Para vivir bien el Adviento, nada mejor que imitar la actitud del Bautista. Podría resumirse ésta en su humildad, la viva conciencia que tiene de ser sólo un instrumento o, por usar otro símil, de ser él la envoltura y Jesús el regalo. Una vez recibido el regalo, pierde el sentido la envoltura. Se trata entonces -¡qué difícil es!- de descubrir que el centro de la fiesta no somos nosotros, es Jesús. Que el mundo no gira alrededor nuestro, sino de Él. De poder decir, con autenticidad, como san Juan: “conviene que Él (Jesús) crezca y yo disminuya”. En el Adviento, por tanto, podemos hacer el ejercicio de ubicarnos en nuestra realidad existencial, espiritual y religiosa. De alguna forma revivir el descubrimiento de Copérnico y descubrir, maravillados, que el centro no somos nosotros, sino Jesús, y tomar las medidas, dar pasos decididos, en orden a que efectivamente, y no sólo en nuestros deseos o en nuestra boca, sea Jesús el centro de nuestra vida.
Muchas veces, además, podemos tener el “complejo del Bautista”. ¿En qué consiste? En sentirnos como él: “voz que clama en el desierto: enderezad el camino del Señor” (Juan 1, 23, vid. Isaías 40, 3). A veces sentimos que nuestro clamor cae en el desierto, en tierra baldía, nadie lo escucha, todos lo ignoran. A veces los cristianos nos sentimos incomprendidos en el mundo, cuando no extraños a él. No debemos, sin embargo, dejar de ejercer nuestra misión profética en el seno de la sociedad. Dios cuenta con ello, aún con la apariencia de falta de frutos. Algo análogo le sucedió al Bautista: su misión estribaba en preparar al pueblo de Israel para recibir a su Mesías, pero cómo explica el otro san Juan en el prólogo de su evangelio: “vino a su casa, y los suyos no le recibieron” (Juan 1, 11), finalmente el pueblo de Israel no aceptó a su Mesías y lo crucificó. Los designios de Dios son inescrutables, pero Dios contó con la misión de san Juan Bautista, así como cuenta con la nuestra.

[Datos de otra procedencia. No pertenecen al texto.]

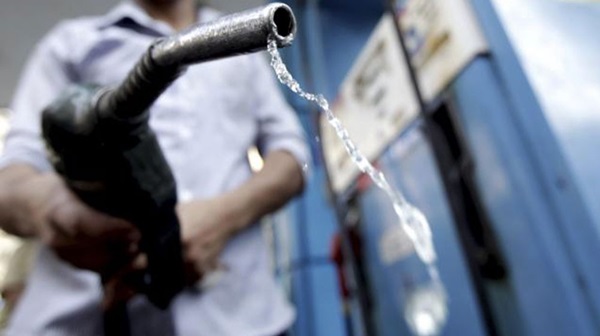 Cảm biến nhiên liệu giúp doanh nghiệp đo lường được lượng xăng dầu xe sử dụng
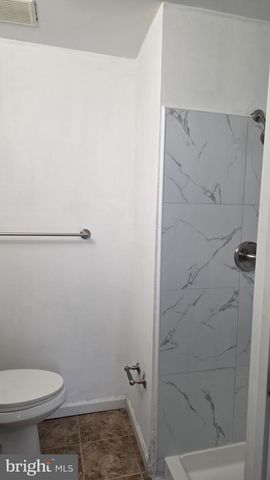 7621 SWAN, Hyattsville, MD 20785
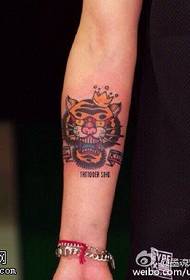 klasični uzorak mini tigar tetovaža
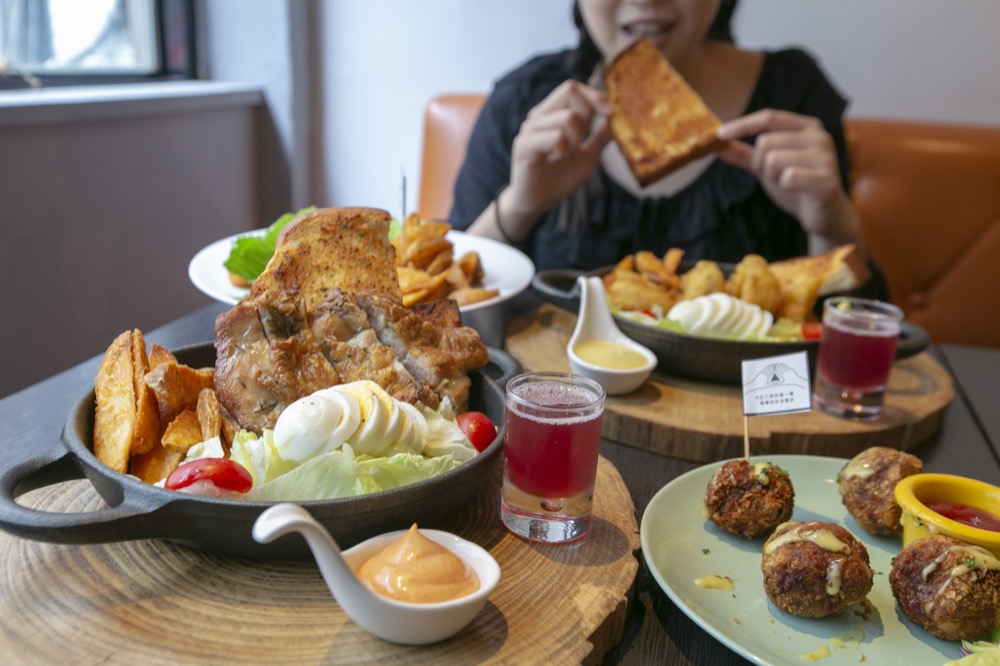 慢慢bistro 台北早午餐推薦 超推酥脆多汁烤豬腳 在慢慢裡回憶生活中的感動 算命的說我很愛吃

Proclamar, en medio del mundo, que el fin del mundo es trascendente a este mundo, aunque el mundo parezca no escucharnos. Como diría Pink Floyd: “Keep talking”, sigue hablando, sigue sembrando la semilla de la Palabra, que el Espíritu Santo encontrará la forma de que esta dé fruto, y fecunde el mundo y la sociedad. No te canses de hablar, no ceses de proclamar “la buena nueva”, “con ocasión y sin ella”, “oportuna o inoportunamente” (en expresión de san Pablo). La dimensión del Bautista en nuestra vida es parte de nuestra vocación bautismal, del carisma profético con el que somos ungidos al recibir el carácter sacramental en el bautismo y la confirmación. Muy especialmente con este último sacramento, que nos da la gracia y nos capacita para dar testimonio público de nuestra fe. Y esto con naturalidad, sin estridencias ni cosas raras, en medio de la sociedad, a través de nuestra vida familiar, profesional o social, sirviéndonos de la amistad, vamos dando testimonio de Cristo. Sentimos en nuestro interior la fuerza de esta misión, la responsabilidad de estar a la altura de ella, y el empeño de que nuestra vida sea coherente con la misma, como lo fue la de san Juan Bautista con su misión de Precursor; si de algo no se puede dudar, es de la autenticidad del personaje, a él le pedimos también que nimbe con el sello de la autenticidad nuestra entera vida cristiana.